Auf europäischer Ebene war der Druck zu einer Einigung in den letzten Wochen gewachsen, seit in Rom die neue Regierung aus rechter Lega und der populistischen Fünf-Sterne-Bewegung im Amt ist. Diese hatte in den letzten Tagen Flüchtlingsschiffen privater Hilfsorganisationen die Einfahrt in italienische Häfen verwehrt und damit Krisenstimmung aufkommen lassen.

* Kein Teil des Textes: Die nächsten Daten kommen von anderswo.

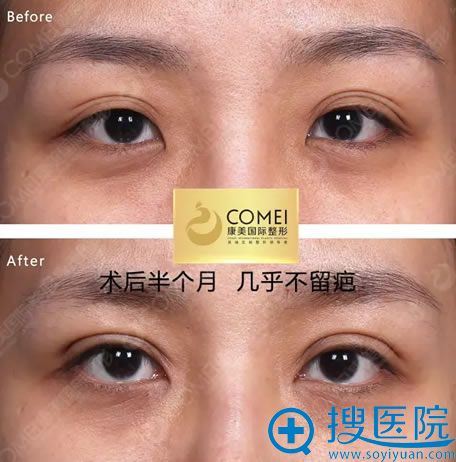 三眼皮做双眼皮手术半个月效果 三眼皮做双眼皮手术半个月效果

Für die Idee sogenannter Anlandepunkte ausserhalb der EU für aus Seenot gerettete Flüchtlinge hatte sich auch EU-Ratspräsident Tusk stark gemacht.
Aufruf zur Solidarität
Die Regierungschefs von Spanien, Griechenland, Finnland und Luxemburg hatten sich am Donnerstag hinter die Pläne Deutschlands gestellt, den Flüchtlingen den Weiterzug von Land zu Land zu verwehren.
Wir benötigen eine gemeinsame Antwort auf die gemeinsame Herausforderung Migration.
«Wir benötigen eine gemeinsame Antwort auf die gemeinsame Herausforderung Migration», sagte der spanische Ministerpräsident Pedro Sanchez. Solidarität sei wichtig, insbesondere gegenüber Deutschland, das derzeit in einer politischen Krise stecke.
Die EU-Staaten einigten sich im Zuge der Migrationsdebatte auch auf die Finanzierung weiterer drei Milliarden Euro, die der Türkei für Syrienflüchtlinge zugesagt sind. Ausserdem wollen sie die Wirtschaftssanktionen gegen Russland um weitere sechs Monate verlängern, weil in der Ostukraine Fortschritte im Friedensprozess fehlen.